Heads-up: brand new RPM version about to hit rawhide

Wed Jul 16 08:05:57 UTC 2008

Andreas Ericsson <ae <at> op5.se> writes:
> > Are you trying to imply that KDE has "extremely poor project policy"?
> 
> If a the code corresponding to a particular version can be changed once
> released publicly, then yes.

What's your definition of "publicly"? KDE's definition of a public release is 
when the tarballs are synced to official KDE mirrors. But we packagers get 
access to the tarballs a few days earlier, and of course the releases are 
tagged in SVN before the first tarballs are produced. Any respins happen in the 
time period when the tarballs are available to us packagers, but not the 
general public (in principle... of course with packagers working in public SCMs 
like our CVS, source and binary packages tend to leak out early, but that's 
another can of worms). So as far as KDE is concerned, the versions are 
not "released publicly" when the changes happen, but as they _are_ released to 
us (packagers), we have to be able to handle the possibility of a respin.
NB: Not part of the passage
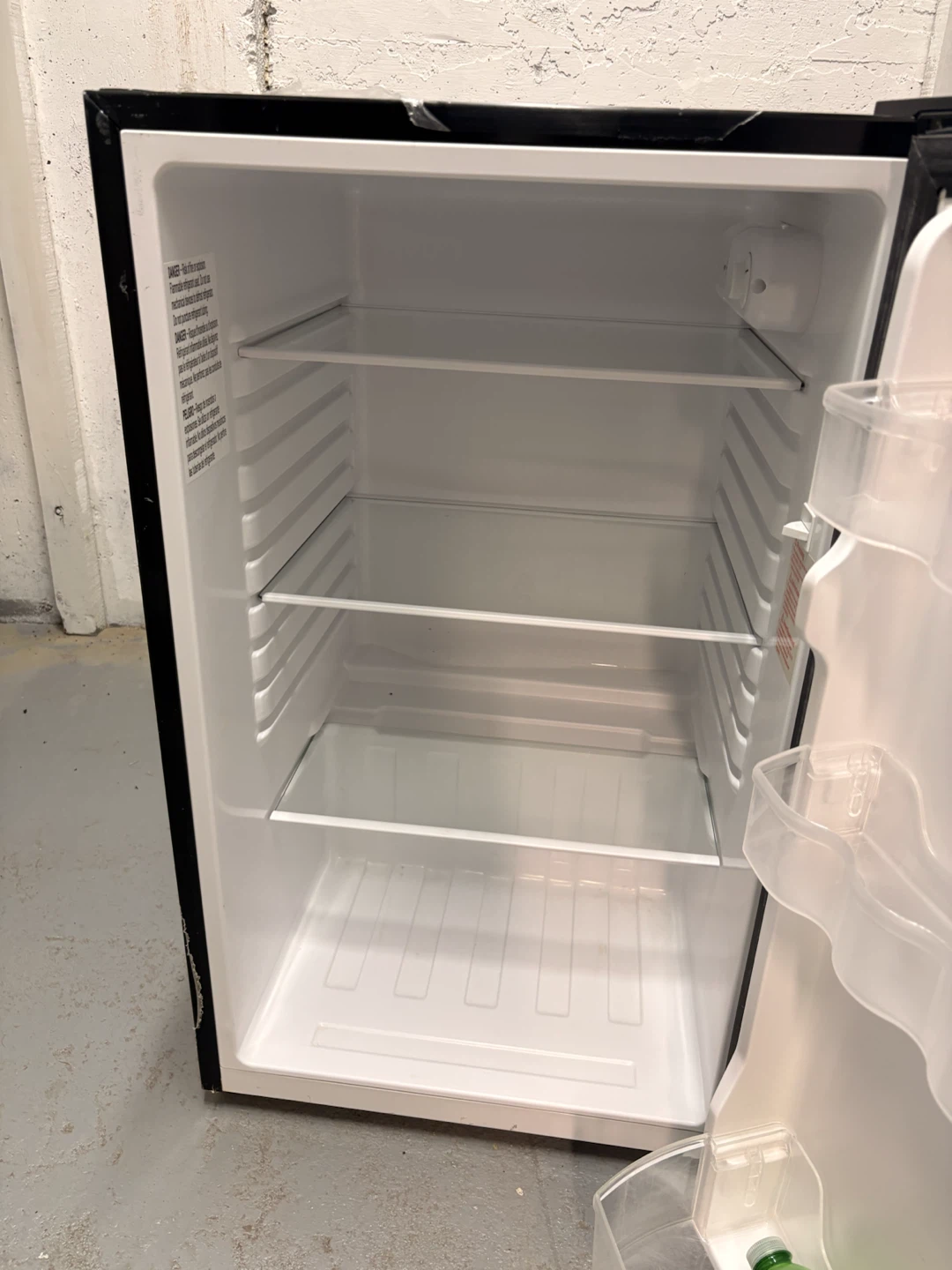 Hamilton Beach Mini Fridge - photo 4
> Otherwise you can have kde-4.0.0.tar.gz with one particular bug and
> kde-4.0.0.tar.gz next week where that bug is missing (but something
> else is broken).

In KDE's case, you won't get the old tarball, at least not from KDE's mirrors.
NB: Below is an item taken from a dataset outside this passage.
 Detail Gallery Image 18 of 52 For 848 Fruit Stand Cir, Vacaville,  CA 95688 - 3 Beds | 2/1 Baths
As for packages, they can already contain patches, so if 4.0.0-1 and 4.0.0-2 
differ by a patch or a respun tarball doesn't make that much a difference in 
practice.

That said, there are other upstreams (usually small projects) which respin 
tarballs even after they were uploaded, hoping nobody noticed the broken 
version. ;-)

> Calling the first package kde-4.0.0rc1.tar.gz would make sense though,

Except there was actually an RC1, and it went through the same "prerelease to 
packagers, respin, release" process.

> If you have a history looking like this:
> 
> A--B--C--D
>        \
>         E

You can't have such a history in a centralized SCM. You can have a branch off 
C, but that means a different branch (= URL in SVN's case, where branches are 
just directories) where C is branched (= copied in SVN) to. At a given SVN URL, 
you only see A-B-C-D or A-B-C-E as the history. That's kinda the definition 
of "centralized". Therefore, URL+revision uniquely identifies a SVN fileset.

In addition, SVN gives out unique numbers throughout the entire repository, so 
the actual commits for D and E will have different commit IDs. The IDs are 
totally ordered by the time they were committed to the central repository, 
which also implies that the relevant IDs for a branch are totally ordered. For 
example, if you specify the branch as the URL and any revision between C and D, 
you'll get the same files as if you specify the revision number for C.

> True that. Current maths suggests that with the current commit-tempo to the
> kernel (10487 commits between 2.6.25 and 2.6.26, most of them merges), we'll
> run into the first SHA1 collision a mere 16 billion years after the
> calculated end of the universe. I can see how that's a real problem....

All this is probabilistic, so nothing guarantees we won't run into a collision 
today, as unlikely as it is. I consider this a major design flaw in the concept 
of distributed SCMs.

        Kevin Kofler